When refinishing floors, we must sand and finish from wall to wall. We can generally match any stain fairly closely. However if you are not planning on refinishing your entire floor, you need to expect some color and sheen difference. We can only stop sanding in doorways that run parallel to the seam of the boards. The doorway runs perpendicular to the seam of a board; we must either continue the refinishing to the next room or install a mini threshold to cover the line where we stop sanding.
The most common types of repairs we do consist scratches, dents, gouges, water damage, chemical/fire (sparks) burns, pet stains, plant stains, holes from preexisting cable or wire installations are all very common repairs. All of these repairs repairs require the sanding and finishing of the whole floor, not just sections. Sections of floor cannot be matched up or blended into existing areas without doing the whole floor.
Repairs can be done in almost any situation. However, the extent of the repair depends on various factors. Chicagoland Pro is limited to hardwood flooring and refinishing repairs, as well as small subfloor repairs. If there are subfloor repairs we don't feel comfortable addressing, we will let you know and you may need to call a carpenter. We have repaired and refinished floors that are over 100 years old and made them look close to new. We most certainly can help with your hardwood needs!
Repairs on finished floors are very difficult. Deep scratches and dents usually require entire floor sanding to repair the damage. Occasionally, light scratches can be touched up, but they will usually not look perfect. Floor finishes begin to change color after 6 months, which makes the repair process more costly and extensive.
Dents, gouges, and scratches that are less than 1/8 inch deep can usually be repaired by sanding and refinishing. If any of these are deeper than this, the board/s will have to be replaced and the whole floor sanded and finished.
These types of occurrences can be sanded and finished unless they are too deep into the wood. All of these have the potential to have boards replace, sanded, and finished. Once again, anytime we mention sanding and finishing, it requires the whole floor, not just a section where the damage has occurred.
Nail holes, and staple holes caused from carpet installation, can be filled, sanded and finished. This is the true use of wood filler. Holes in the floor resulting from cable or speaker wire installation may be able to be filled also; however most require board replacement, sanding, and finishing.
Water damage can occur from many different sources. Refrigerators, dishwashers, toilets, water damming from rooftops, pipes leaking, and over watering of plants, are all common problems. When the damage occurs:
If you do all of these things immediately after water incident, it is possible that the damage will be minimal and may not even require that anything be done. The things that you may see on your floor could be finish peeling or flaking off the boards, discoloration of the wood, boards cupping (warping), or gaps created when the wood is drying out. If you experience cupping immediately, do not get alarmed and have someone or yourself remove the wood. Some amount of cupping occurs in all water damage cases. Even after you have done all of the above, a dehumidifier can usually get the floor's moisture content to a 12% level. After this level is reached, the floor has to dry on its own. Here in the Chicago area 6-8% is normal for most homes, except for the Lake Michigan shore can be different. A 6% moisture content must be reached and maintained for at least 4-6 weeks prior to repair. This process can take a considerable amount of time, and each case it may be different lengths of time.

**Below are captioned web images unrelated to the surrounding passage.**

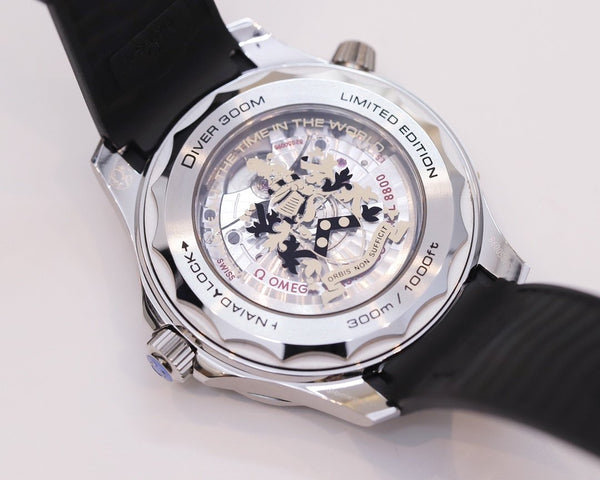 SEAMASTER DIVER 300 007 CERAMIC BEZEL STAINLESS STEEL BLACK DIAL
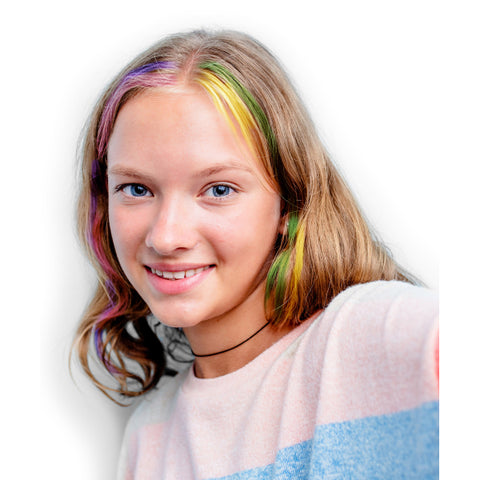 Hair Flair Metallic Set Of 8 Gel Sticks - 1
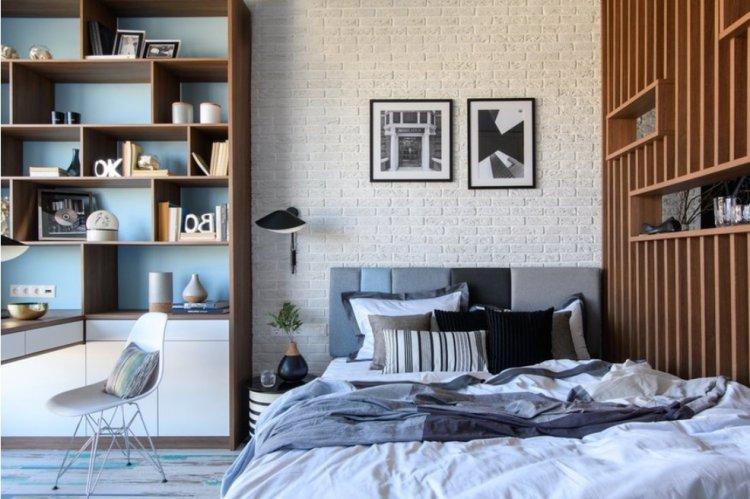 Квартира 33 кв.м. на двоих в Москве - Дизайн однокомнатной квартиры 33 кв.м.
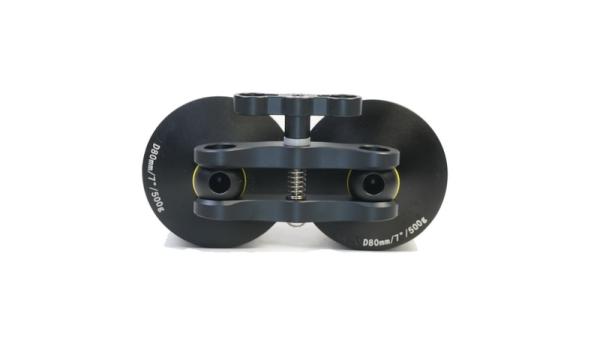 D&D 1" Kugelarm Klemme Aluminium/Teflon lange Ausführung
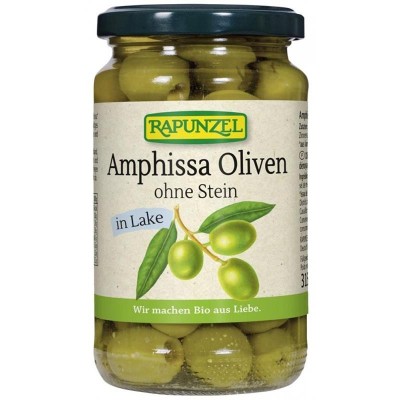 Masline Bio Amphissa Verzi fara Samburi in Saramura Rapunzel 315gr foto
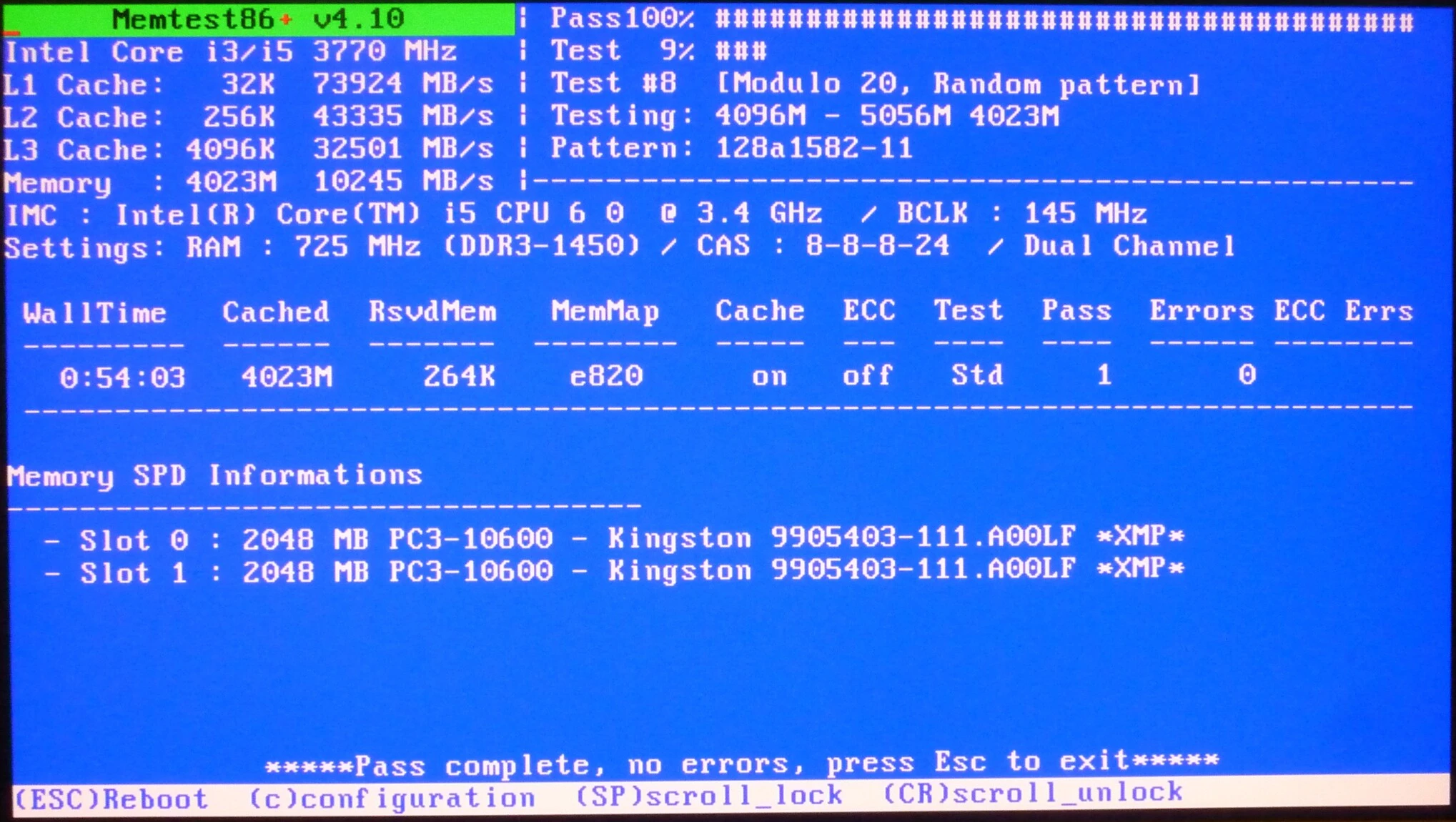 Memtest86+ на русском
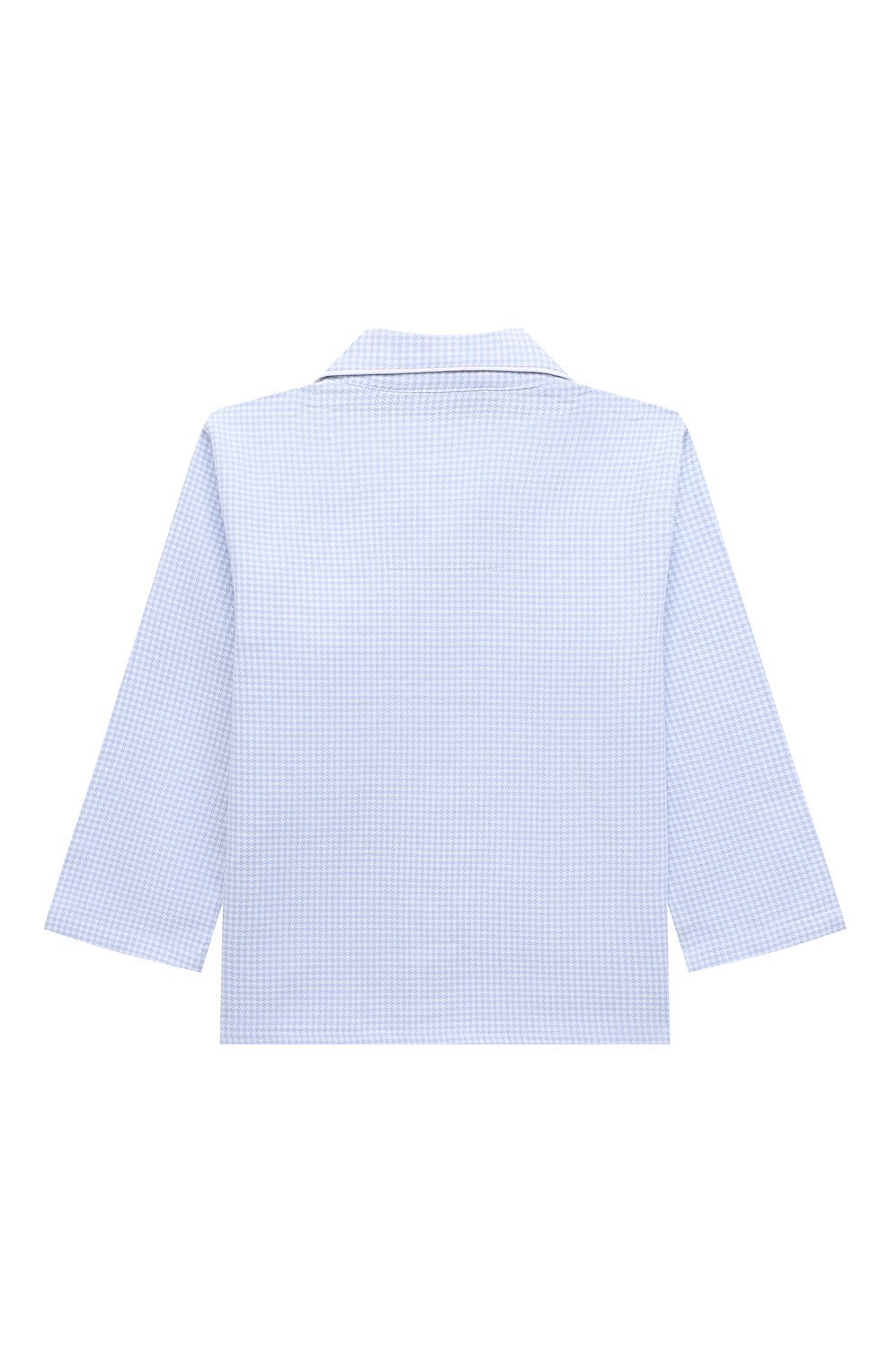 Хлопковая пижама DEREK ROSE голубого цвета по цене 17250 руб., арт. 7025-KELB023, фото 3 Хлопковая пижама DEREK ROSE, арт. 7025-KELB023, фото 3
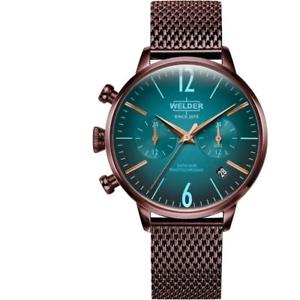 【送料無料】welder womens breezy 38mm purple steel bracelet amp; case quartz watch wwrc626
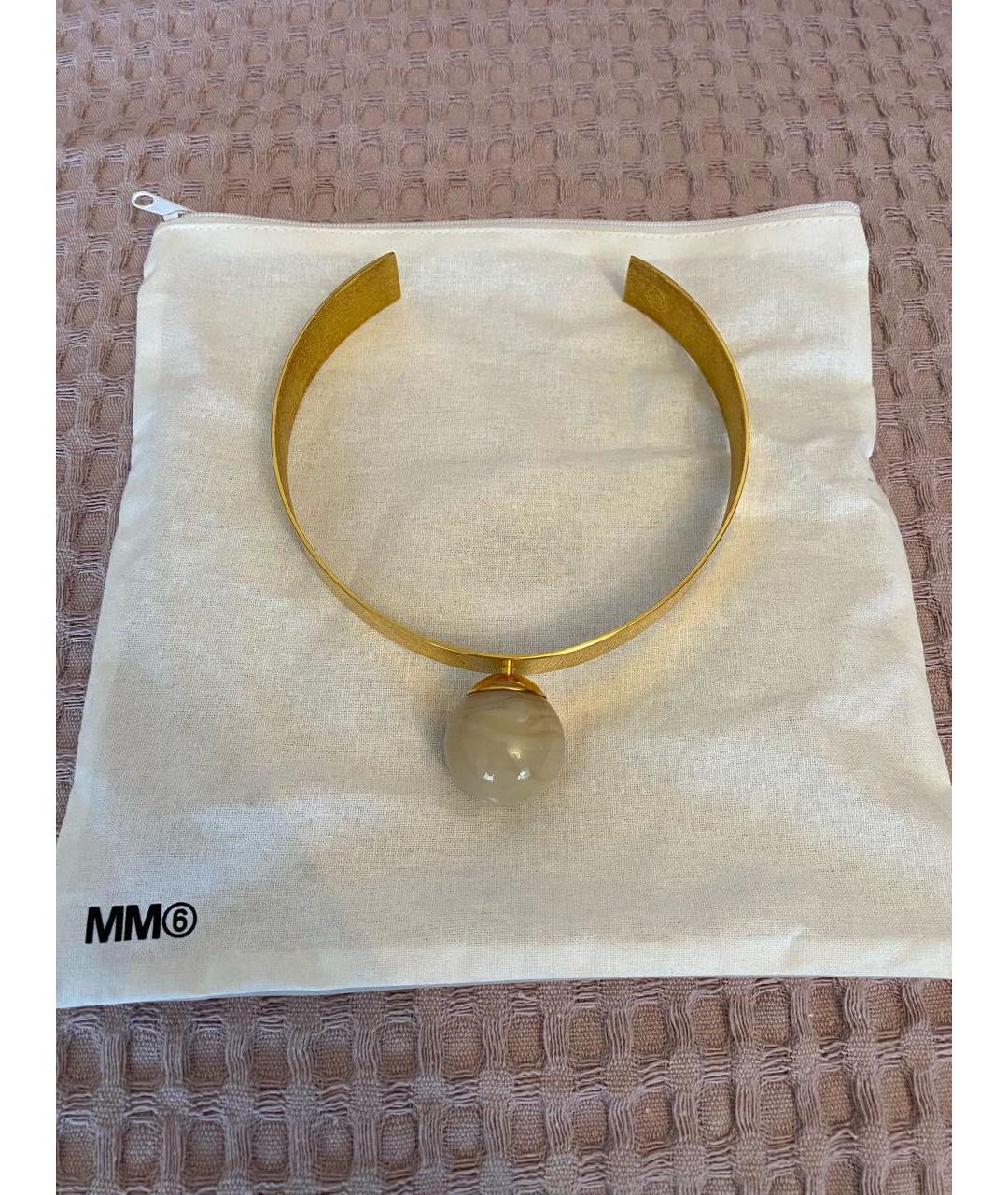 MM6 MAISON MARGIELA Золотое колье, фото 6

If you are unfortunate, and were unable to control the damage, most floors only need to be sanded and finished, cupping and peeling finish included. Board replacement is necessary if the boards are discolored and the discoloration cannot be removed by sanding. Gapping caused by water damage can only be repaired by replacing wood where the gaps begin to the nearest wall line. Some gaps may be able to be filled depending on the severity of the damage.
As mentioned above, moisture content is key to a successful repair with no further repercussions. If a floor is repaired before the moisture content is corrected, two things may occur. First, if a floor is sanded too soon, the floor can re-cup or the floor may crown. These may not occur for as much as 3-4 months. Second, if board replacement is necessary and the moisture is too high, the moisture will transfer and put the floor back into the same problems. Many people, for many apparent reasons, want their floor fixed quickly. A common question asked is, "Why can't you remove the wood, let it dry out and sand and finish"? The answer is that we can, but the homeowner may have to live the the floor torn up for several weeks while drying to a 6% moisture level, and then wait 4-6 weeks at that level before wood can be reinstalled, sanded and finished.